6 Common Supplements & How They Work : Part II

And we’re back for more of 6 Common Supplements and How They Work. 

For those of you just tuning in, Part I covered Protein, BCAAs, and Fish Oil. Here in Part II we will look at Creatine, Pre-Workouts, and Multivitamins.

Disclaimer: If you don’t have sound nutrition habits, no supplement will save you. Nothing on this list is a magic pill for ditching the Dad-bod. 

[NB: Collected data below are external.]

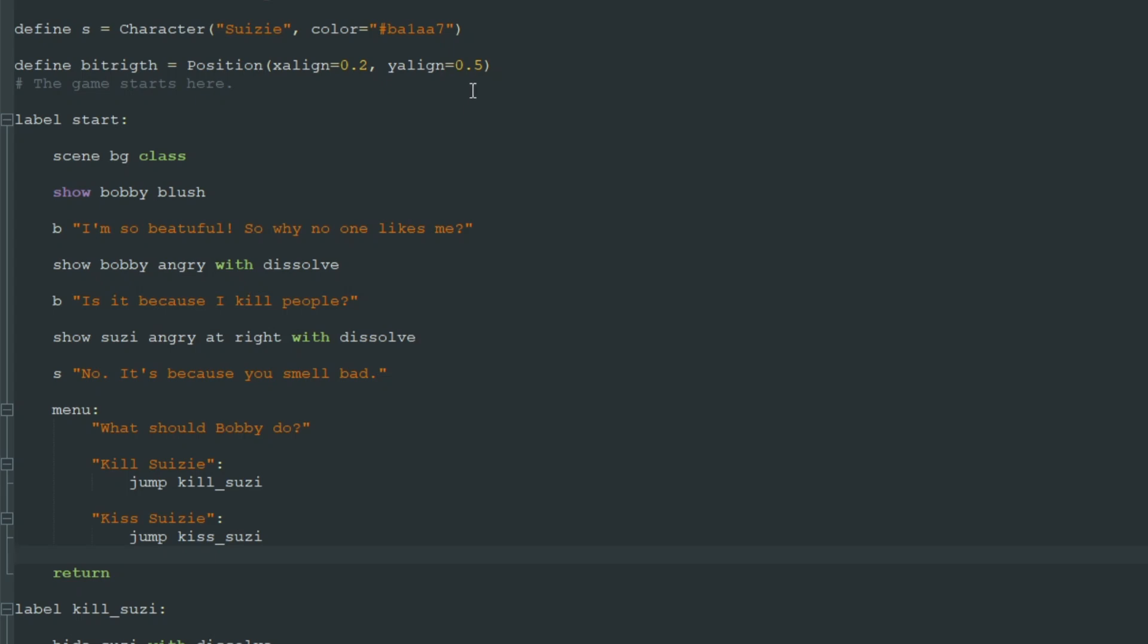And a boolean variable is basically a switch that can be set to true or false. It can't be anything else, only true or false like a switch can be on or off.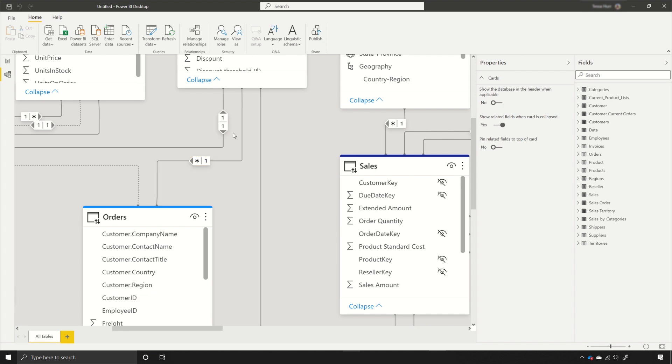For example, if you look at this relationship here, it has two arrows on each end of it, so that means it is a bi-directional relationship.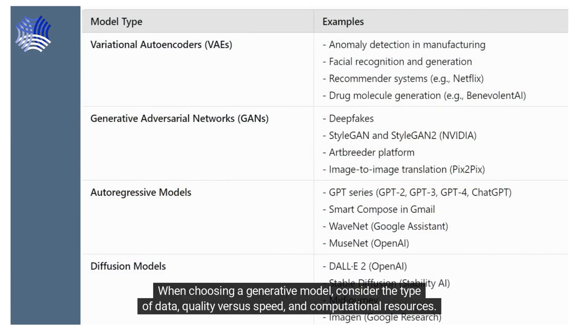When choosing a generative model, consider the type of data, quality versus speed, and computational resources.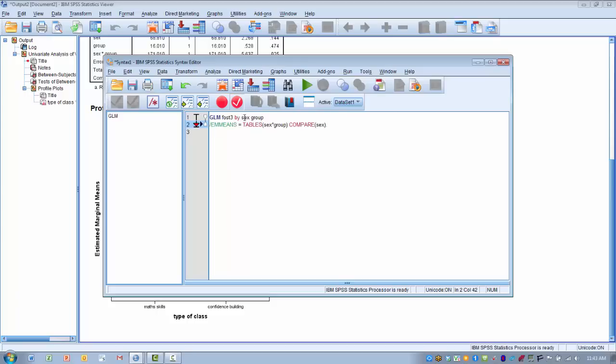And then by, and then I list our two independent variables, in this case sex and group. Now the next line that starts EM means, that specifies the fact that we want to do a simple effects analysis to look at significance in the interaction. Where it says compare sex, what we're basically doing is comparing the effect of gender or sex at each level of the group independent variable, at each level of the different teaching techniques.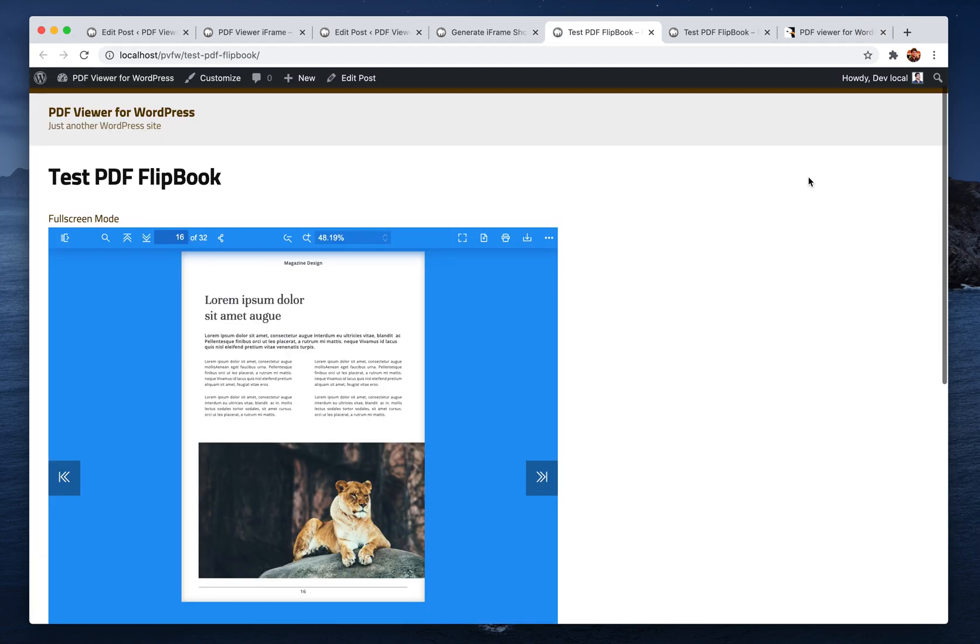Thank you for watching the video. We hope you enjoy the new feature as well as the existing ones of PDF Viewer for WordPress. Thank you.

Also, keep in mind that the FDA doesn’t regulate ANY supplements. No one checks them for quality or even to make sure they contain the stuff listed on the label. Supplements are the freakin’ wild west of exercise nutrition.

And now, for the exciting conclusion of 6 Common Supplements and How They Work!!


I’ve seen some batshit crazy stories about creatine. My all-time favorite was in High School when I heard a rumor that a kid from another school took a bunch of creatine and started growing extra bones. I’ve heard heard it described as a steroid and a chemical stimulant. All of that is total garbage. Nothing could be further from the truth.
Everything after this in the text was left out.